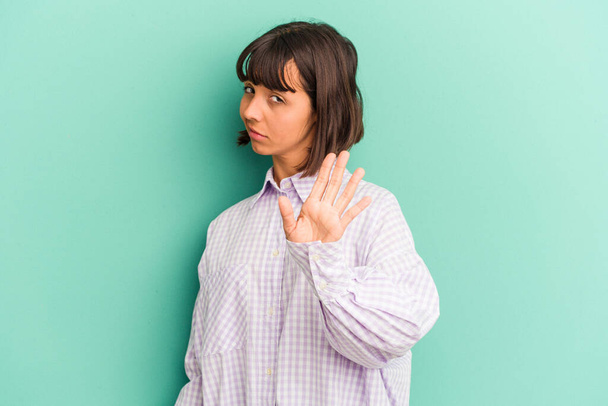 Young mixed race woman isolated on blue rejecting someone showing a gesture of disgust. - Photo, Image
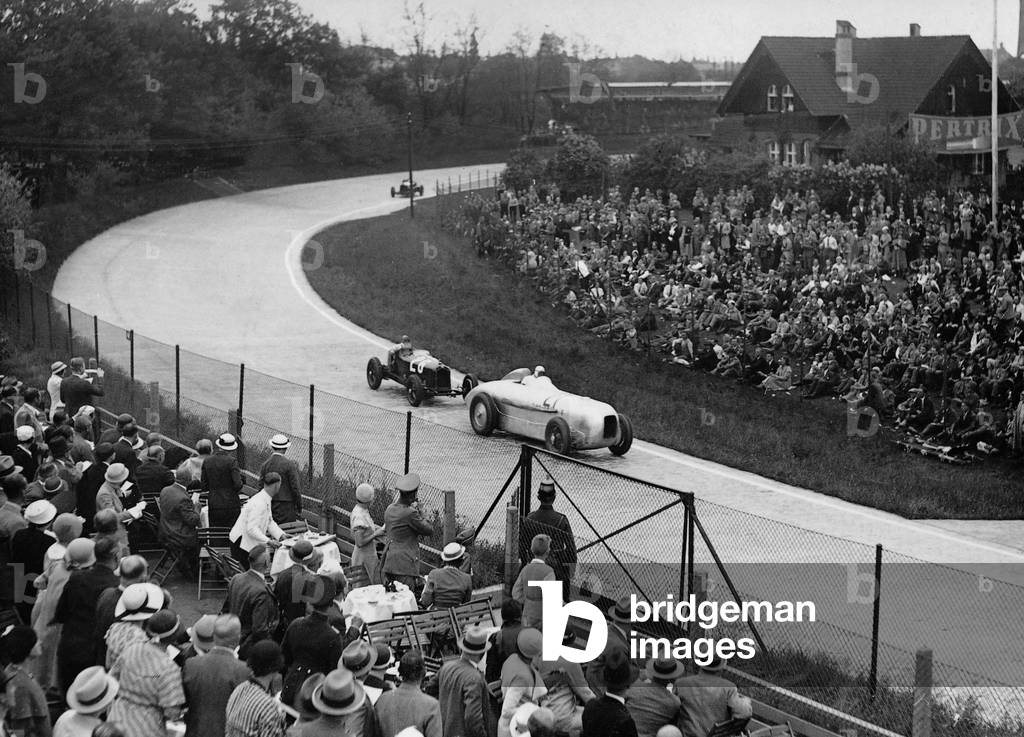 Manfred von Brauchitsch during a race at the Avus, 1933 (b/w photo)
==
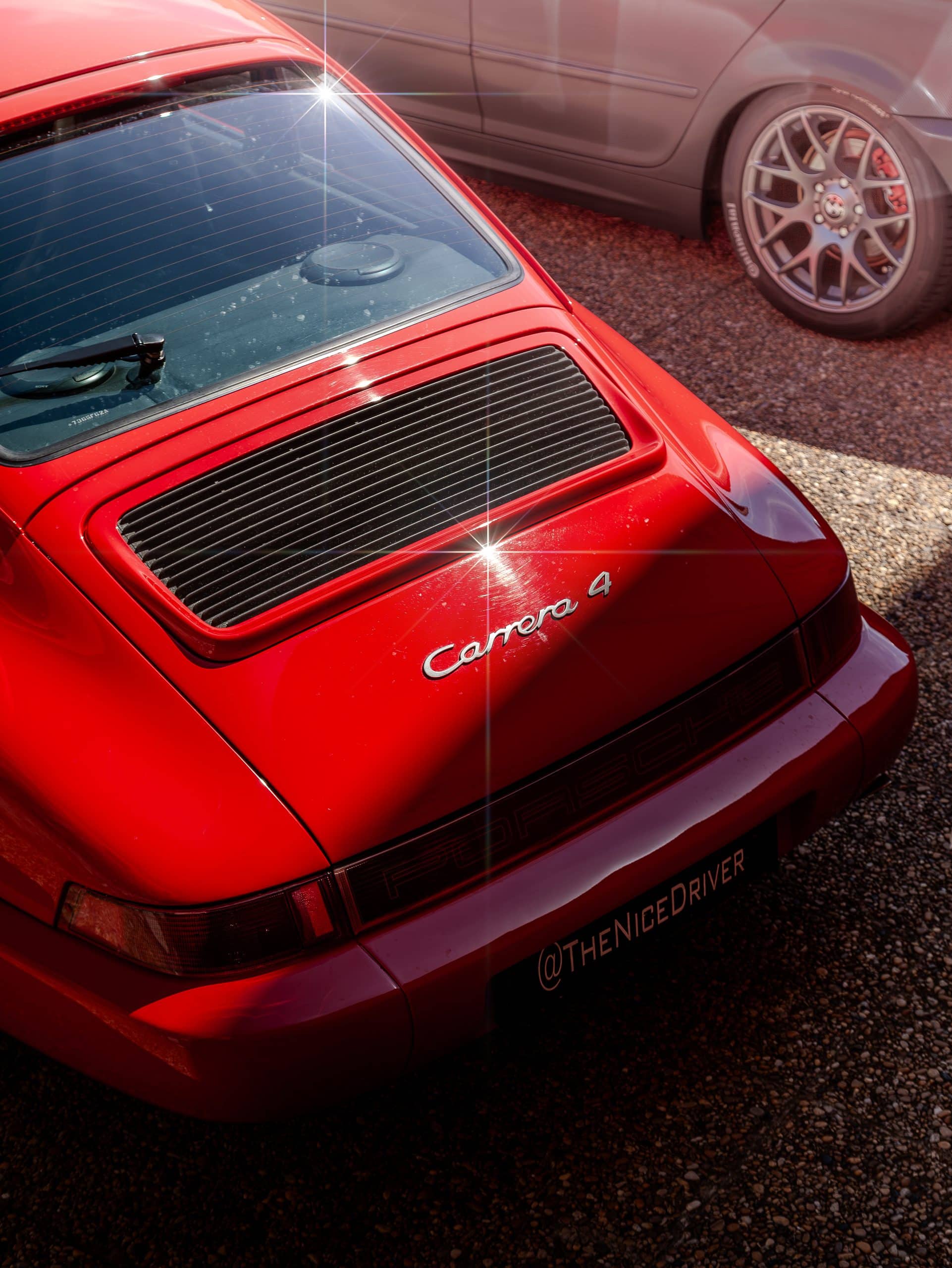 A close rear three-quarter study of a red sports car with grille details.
==
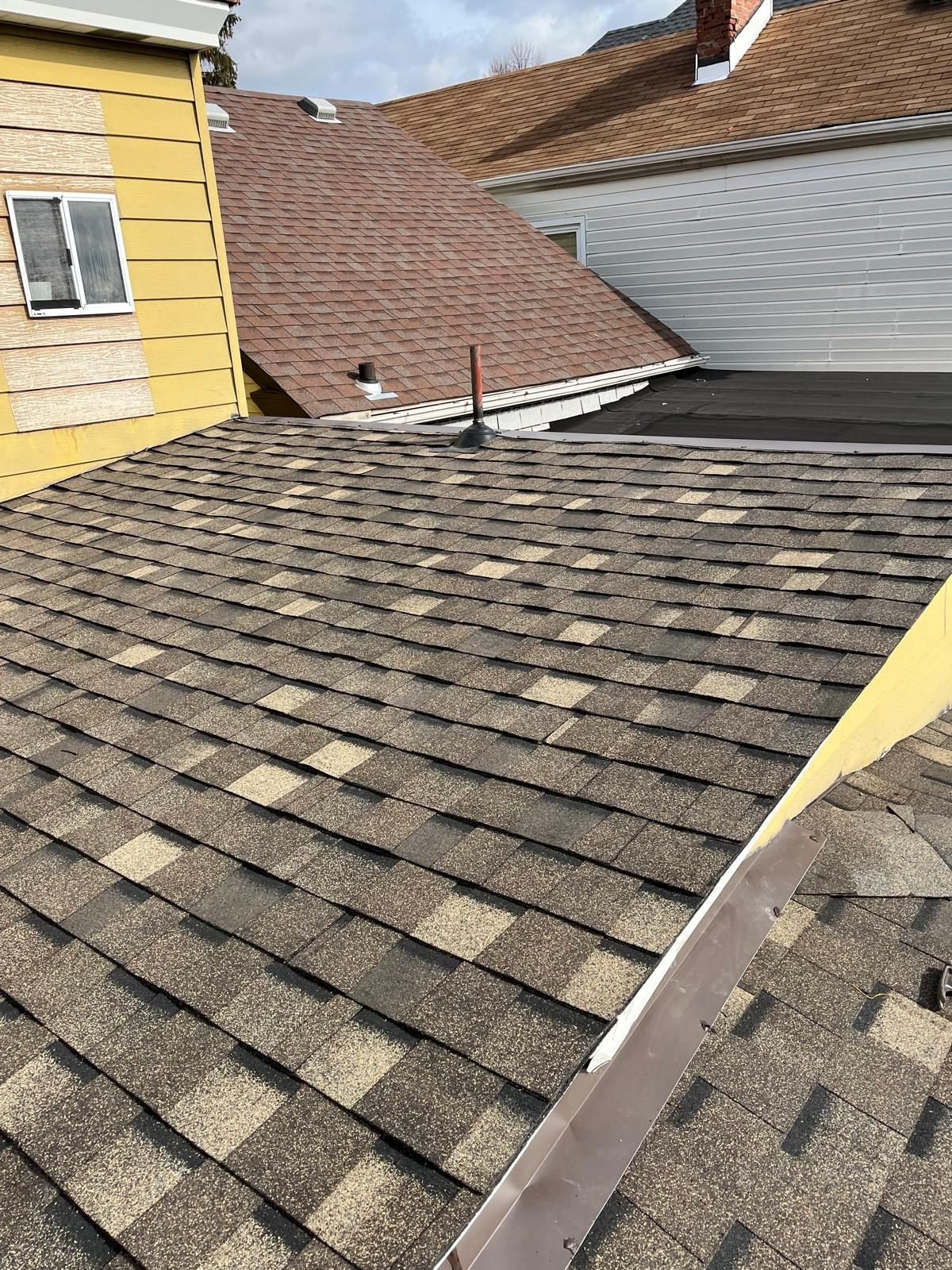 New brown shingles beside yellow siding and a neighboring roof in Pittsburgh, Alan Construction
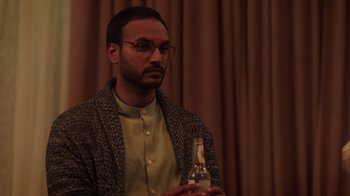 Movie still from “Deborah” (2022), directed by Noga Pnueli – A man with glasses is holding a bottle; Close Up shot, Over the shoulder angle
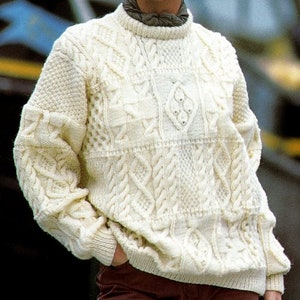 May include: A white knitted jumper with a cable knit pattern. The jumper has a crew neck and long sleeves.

● How to complete this task
Start with the line with "New brown shingles" in the listing above and stop after the line with "May include: A". Write out exactly the lines in that stretch and no others, without pictures.

● Written reply
 New brown shingles beside yellow siding and a neighboring roof in Pittsburgh, Alan Construction
 Movie still from “Deborah” (2022), directed by Noga Pnueli – A man with glasses is holding a bottle; Close Up shot, Over the shoulder angle
 May include: A white knitted jumper with a cable knit pattern. The jumper has a crew neck and long sleeves.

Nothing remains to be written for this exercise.